All-atom structure-based model of RNA. Our description of RNA is based on all-atom structure-based model (SBM), which incorporates all heavy atoms. The potential is designed so that native contacts are energetically stabilized and would lead to energy landscapes, which are smoother. The minimum of energy in the SBM is computed to be that given by the crystal structure. Geometric parameters in the structure-based potential that describe harmonic motions of bonds and bond angles, including planar or improper terms, are defined by the values they acquire in the crystal structure. Native local contacts are described by attractive 6-12 potential. Excluded volume interactions between Mg2+- Mg2+ and Mg2+-RNA ions are of the form Γ -12. Energetic parameters in SBM are also calibrated.
We are carrying out all-atom structure-based model MD simulations to investigate properties such as excess ion atmosphere around an RNA in aqueous solution containing Group-II (Mg2+) and Group-I (X+) cations from added salts. Other experimentally relevant quantities of interest to us are the difference in the free energies of Mg2+-RNA interactions between extended and compact states ensembles; the characteristics of the dense outer-sphere population of ions that govern the competitive displacement of monovalent counterions (X+) by divalent counterions (Mg2+), polyelectrolyte effects beyond the native basin. The RNAs that are being investigated are pseudoknot RNA, Tar- Tar* RNA kissing loops, and group IIB introns.
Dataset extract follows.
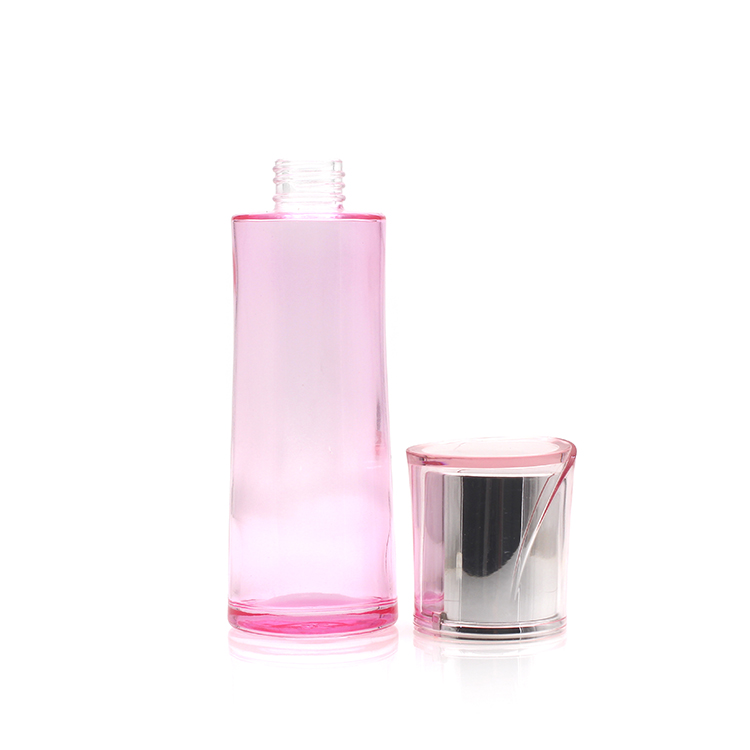 Custom Printed Pink Cream bottle Luxury Cosmetic Packaging Set Glass Cosmetic Bottles And Jar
Figure.The excess Mg2+ ion atmosphere around SAM-I riboswitch as predicted by structure-based model simulation is compared with explicit solvent simulations and non-linear Poisson-Boltzmann analysis. Uncertainty in analysis is plotted as error bars. There are no experimental data on Γ 2+ at 100 mM KCl. Compared with explicitly solvent simulations, Γ 2+ predicted by SBM is higher. K+ dehydrates in explicit solvent simulations This pushes Mg2+ away and K+ associates with RNA more effectively. NMR experiments indicate that K+ remains hydrated in presence of RNA.
Generalization of Manning counterion condensation model for RNA. We have developed an electrostatic model for any RNA in aqueous solution by statistical mechanical generalization of Manning theory. In this approach, monovalent ions are treated implicitly, full atomic structure of the RNA is included, and we have only placed charges on the phosphates. The charges interact by Debye-Hückel electrostatics. We have synthesized the electrostatics with the all-atom structure-based MD simulations of RNA in which divalent ions described explicitly. The overall potential is expressed in terms of Manning condensation variables for counterions and coions, particle coordinates, and atomic coordinates of RNA. This characteristic allows calculation of forces. It is this feature of the generalized counterion condensation model that permits quantitative interpretation of the number of excess Mg2+ associated with the RNA, Mg2+-RNA interaction free energies, as well as assessment of the two metrics with experimental data.
Rare fluctuations. Chemical reactions generally involve a wide range of time scales from femtosecond to seconds. Chemical reactions and conformation changes in macromolecules could involve large thermal fluctuations. Such activated processes lead to wide separation of time scales. A fundamental problem is the development of theoretical tools to describe rare fluctuations in systems for which reaction pathways are not known. To address this problem, we are developing and making use of a variety of techniques from stochastic process to supersymmetry, Morse theory, stochastic partial differential equation, and min-max principle methodology for solving Hamilton-Jacobi equations. We have recently shown that the probability of such a rare process is localized around the most likely configuration. This configuration is obtained by minimizing an action functional with an appropriate constraint.
Figure. Rare event: ternary complex in the ribosome undergoes large thermal fluctuation (denoted by xc ). These fluctuations involve configurational searches that are in the tail end of the probability distribution.